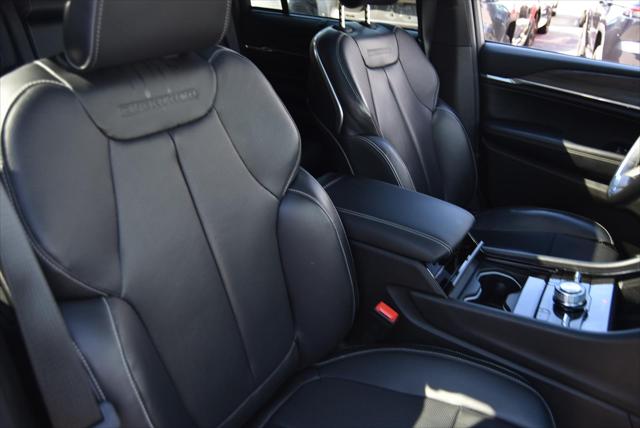 2022 Jeep Grand Cherokee Overland 4x4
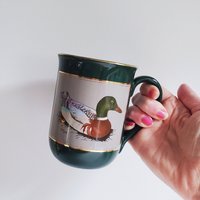 Vintage 1970Er Jahre Otagiri Duck Kaffeetasse, Dunkelgrüne Goldverzierungen Stockenten Cottage Tasse von SomeLikeItRetroCo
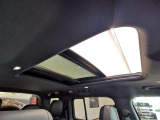 【スライディングパノラミックルーフ】上が開くタイプのルーフです。電動でスライドするものでロールブラインドも搭載しておりますので日が強い日でも安心して車内でおくつろぎ頂けます。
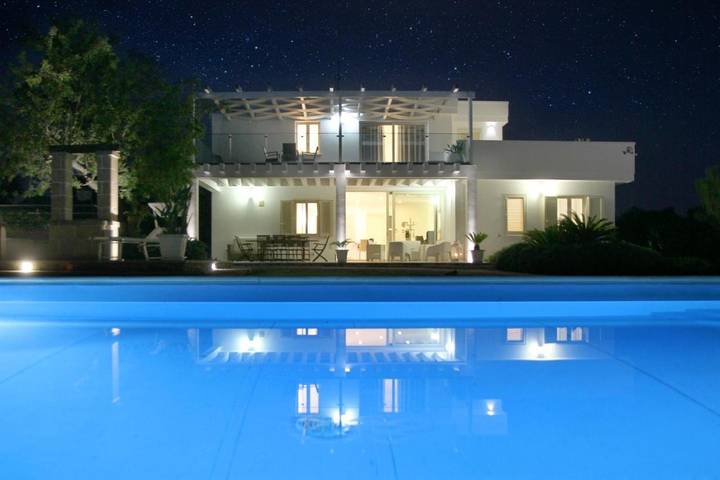 Villa con piscina per 12 persone, con panorama e piscina nonché giardino a Casarano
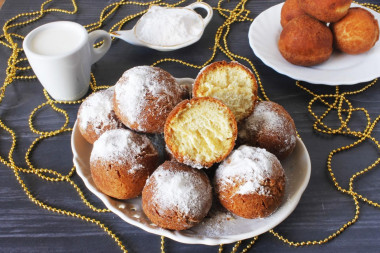 Condensed milk balls fried in oil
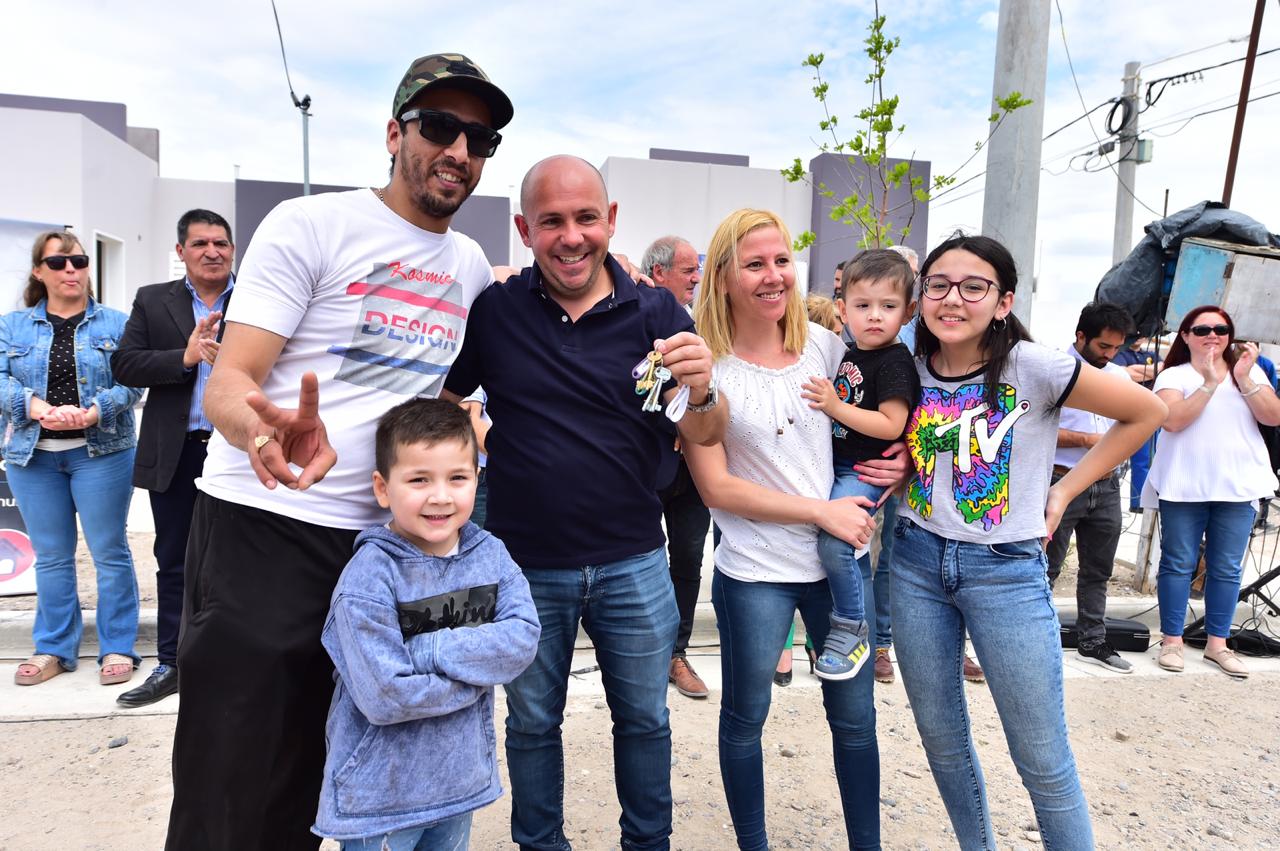 SASTRE ENCABEZÓ ENTREGA DE VIVIENDAS A LOS AFILIADOS DE LA UOM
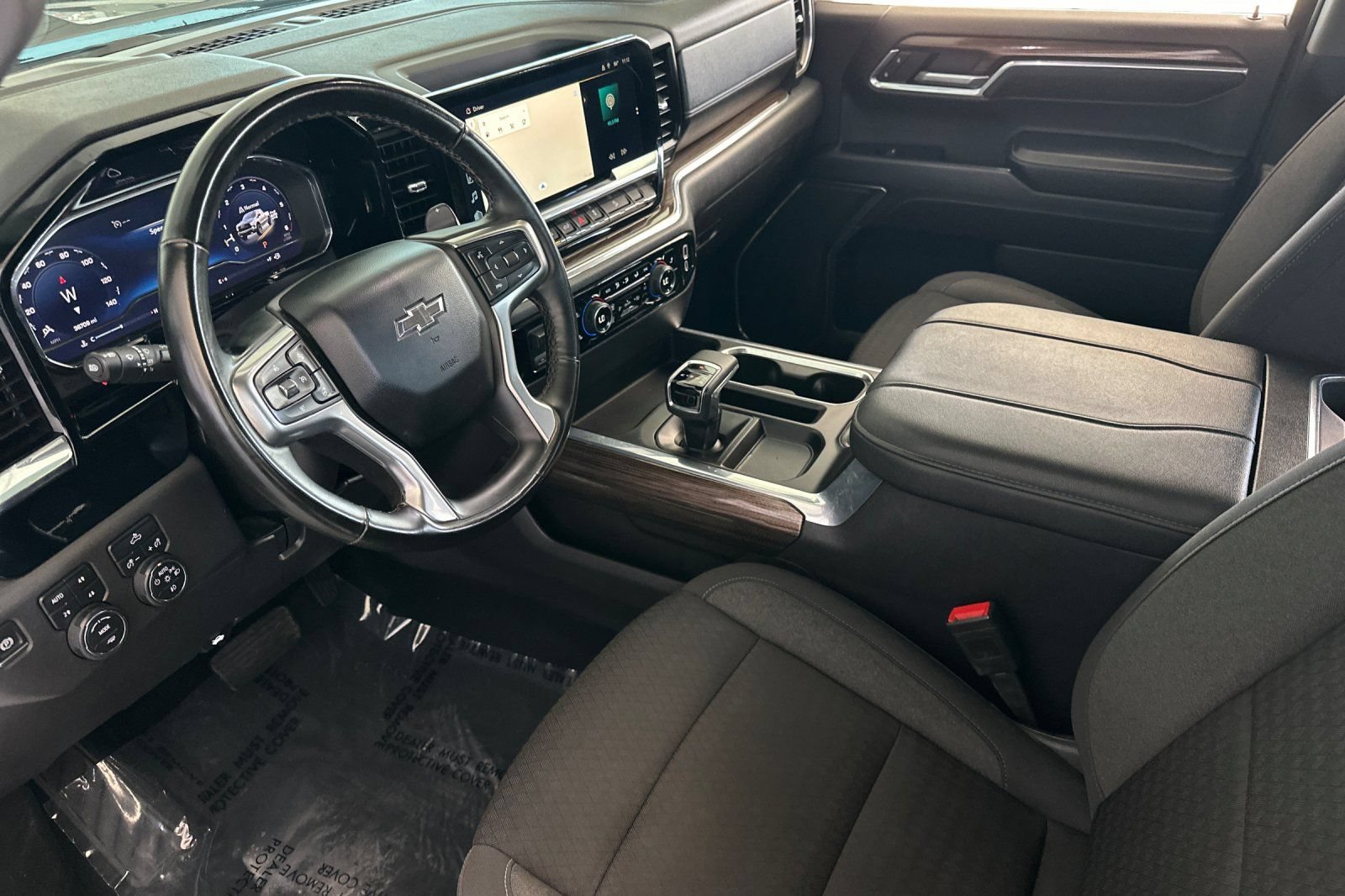 Used 2024 Summit White Chevrolet LT Trail Boss image 10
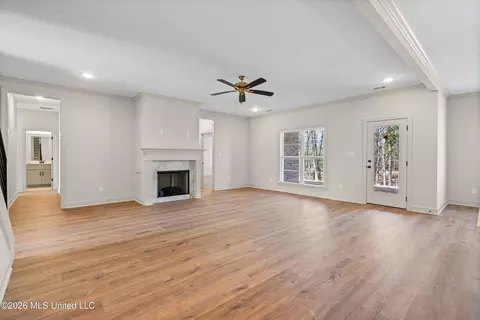 Living - 1368 Crk Hvn Dr, Hernando, MS 38632 photo 2 of 3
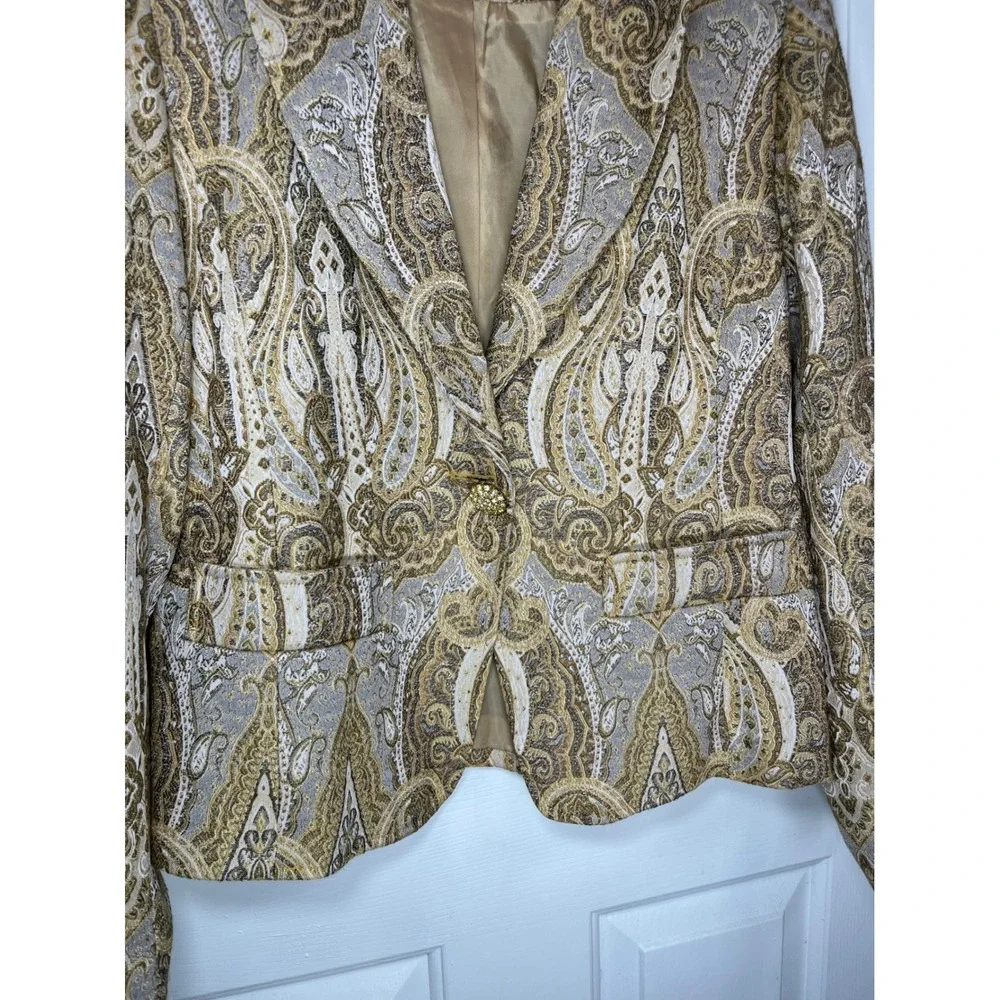 Coldwater Creek Blazer Jacquard Paisley Size Medium Gold Silver Metallic Button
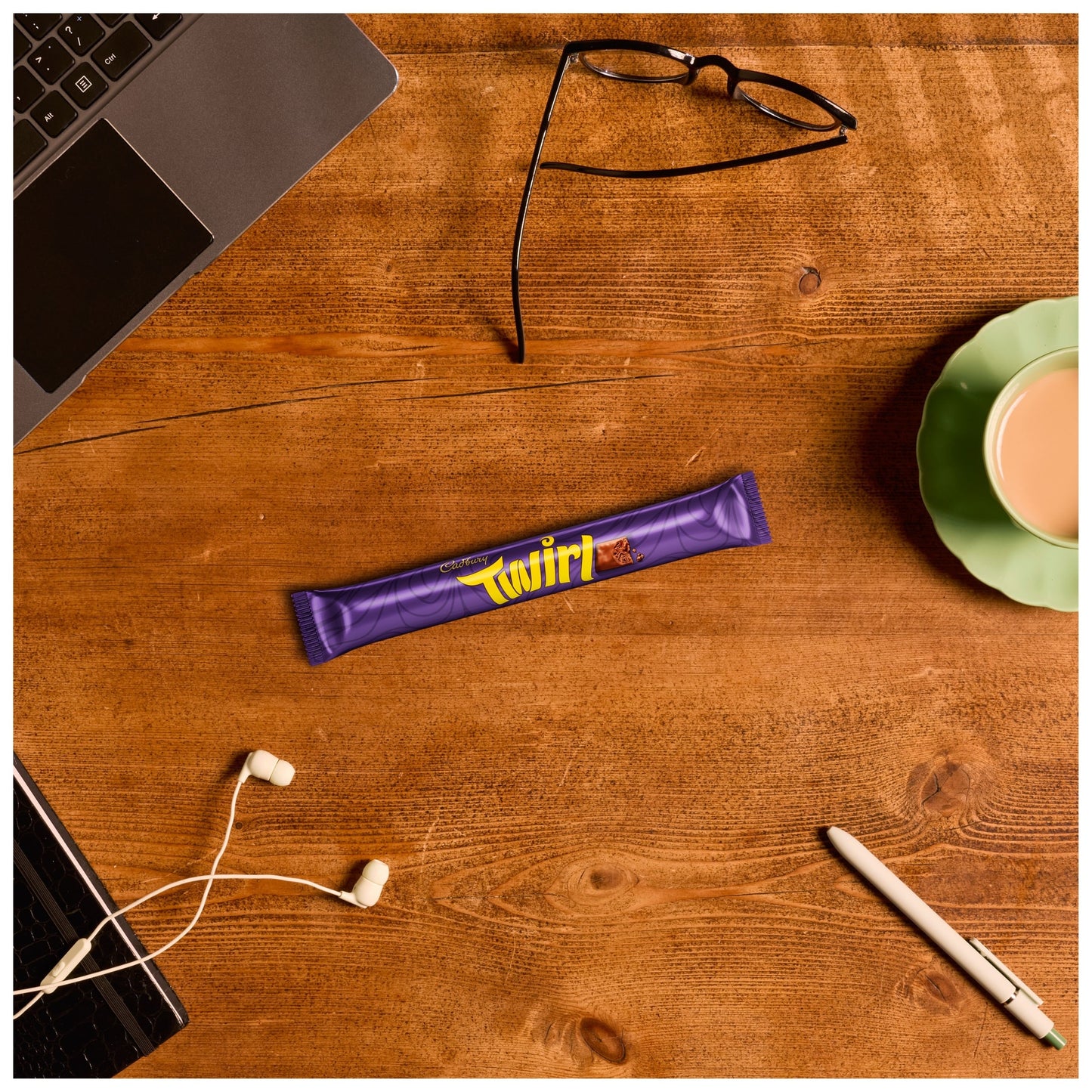 Cadbury Twirl Chocolate Bar 9 Pack Multipack 193.5g — image 2
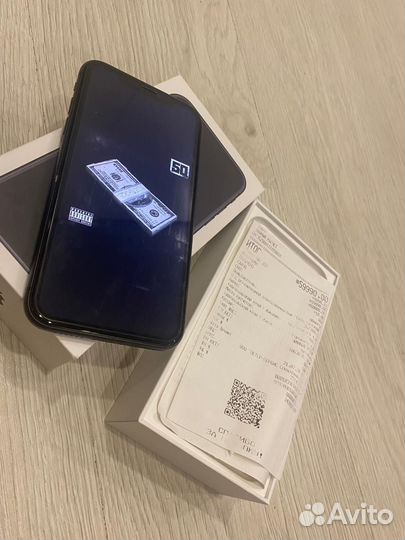 Телефон iPhone 11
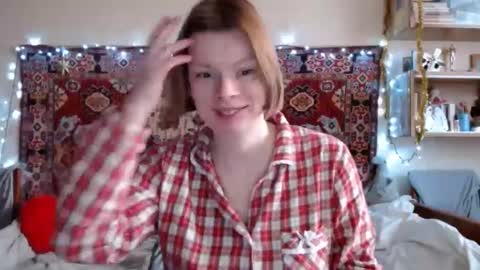 Snapshot of miss_elistia_ chatting on January 2025 12:15:02 PM Elis online show from January 2025 12:15:02 PM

■ ■ ■ ■ ■

### Required work
Images do not belong in the copy; reproduce all other parts of the records above verbatim.

### Exercise result
 2022 Jeep Grand Cherokee Overland 4x4
 Vintage 1970Er Jahre Otagiri Duck Kaffeetasse, Dunkelgrüne Goldverzierungen Stockenten Cottage Tasse von SomeLikeItRetroCo
 【スライディングパノラミックルーフ】上が開くタイプのルーフです。電動でスライドするものでロールブラインドも搭載しておりますので日が強い日でも安心して車内でおくつろぎ頂けます。
 Villa con piscina per 12 persone, con panorama e piscina nonché giardino a Casarano
 Condensed milk balls fried in oil
 SASTRE ENCABEZÓ ENTREGA DE VIVIENDAS A LOS AFILIADOS DE LA UOM
 Used 2024 Summit White Chevrolet LT Trail Boss image 10
 Living - 1368 Crk Hvn Dr, Hernando, MS 38632 photo 2 of 3
 Coldwater Creek Blazer Jacquard Paisley Size Medium Gold Silver Metallic Button
 Cadbury Twirl Chocolate Bar 9 Pack Multipack 193.5g — image 2
 Телефон iPhone 11
 Snapshot of miss_elistia_ chatting on January 2025 12:15:02 PM Elis online show from January 2025 12:15:02 PM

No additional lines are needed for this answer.